RECORDS FOR THIS TASK:
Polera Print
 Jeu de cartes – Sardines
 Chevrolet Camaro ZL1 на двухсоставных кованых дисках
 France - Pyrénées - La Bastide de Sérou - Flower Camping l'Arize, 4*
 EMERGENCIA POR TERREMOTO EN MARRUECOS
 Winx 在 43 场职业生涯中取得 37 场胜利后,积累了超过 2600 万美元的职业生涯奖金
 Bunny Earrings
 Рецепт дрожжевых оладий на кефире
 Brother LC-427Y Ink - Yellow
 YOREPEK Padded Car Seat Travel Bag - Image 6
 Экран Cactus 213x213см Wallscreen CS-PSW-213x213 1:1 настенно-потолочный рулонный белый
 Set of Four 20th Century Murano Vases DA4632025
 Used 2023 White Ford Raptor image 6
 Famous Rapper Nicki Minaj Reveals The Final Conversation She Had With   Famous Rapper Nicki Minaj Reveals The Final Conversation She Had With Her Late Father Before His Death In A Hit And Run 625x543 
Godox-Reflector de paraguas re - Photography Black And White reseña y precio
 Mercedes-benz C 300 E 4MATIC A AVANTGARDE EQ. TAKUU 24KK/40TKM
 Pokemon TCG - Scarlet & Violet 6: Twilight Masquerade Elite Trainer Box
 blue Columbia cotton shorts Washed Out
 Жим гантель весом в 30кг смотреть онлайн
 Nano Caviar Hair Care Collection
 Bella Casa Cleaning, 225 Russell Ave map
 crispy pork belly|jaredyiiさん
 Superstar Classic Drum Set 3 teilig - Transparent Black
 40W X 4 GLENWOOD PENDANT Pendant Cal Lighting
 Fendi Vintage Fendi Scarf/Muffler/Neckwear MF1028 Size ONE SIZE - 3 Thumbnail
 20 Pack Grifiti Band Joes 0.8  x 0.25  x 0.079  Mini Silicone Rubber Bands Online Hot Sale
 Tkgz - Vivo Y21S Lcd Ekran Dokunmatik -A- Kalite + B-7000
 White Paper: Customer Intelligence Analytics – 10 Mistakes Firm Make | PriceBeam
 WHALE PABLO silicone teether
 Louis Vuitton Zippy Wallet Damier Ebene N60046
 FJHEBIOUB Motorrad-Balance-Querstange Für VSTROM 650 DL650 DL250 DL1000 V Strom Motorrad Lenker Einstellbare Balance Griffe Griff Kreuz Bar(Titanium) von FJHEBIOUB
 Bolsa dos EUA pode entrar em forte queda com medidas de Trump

GOAL OF THE EXERCISE:
All lines from the start of the entries through the line where "Pokemon TCG - Scarlet" sits should be duplicated exactly, with nothing else in the output.

SOLUTION:
Polera Print
 Jeu de cartes – Sardines
 Chevrolet Camaro ZL1 на двухсоставных кованых дисках
 France - Pyrénées - La Bastide de Sérou - Flower Camping l'Arize, 4*
 EMERGENCIA POR TERREMOTO EN MARRUECOS
 Winx 在 43 场职业生涯中取得 37 场胜利后,积累了超过 2600 万美元的职业生涯奖金
 Bunny Earrings
 Рецепт дрожжевых оладий на кефире
 Brother LC-427Y Ink - Yellow
 YOREPEK Padded Car Seat Travel Bag - Image 6
 Экран Cactus 213x213см Wallscreen CS-PSW-213x213 1:1 настенно-потолочный рулонный белый
 Set of Four 20th Century Murano Vases DA4632025
 Used 2023 White Ford Raptor image 6
 Famous Rapper Nicki Minaj Reveals The Final Conversation She Had With   Famous Rapper Nicki Minaj Reveals The Final Conversation She Had With Her Late Father Before His Death In A Hit And Run 625x543 
Godox-Reflector de paraguas re - Photography Black And White reseña y precio
 Mercedes-benz C 300 E 4MATIC A AVANTGARDE EQ. TAKUU 24KK/40TKM
 Pokemon TCG - Scarlet & Violet 6: Twilight Masquerade Elite Trainer Box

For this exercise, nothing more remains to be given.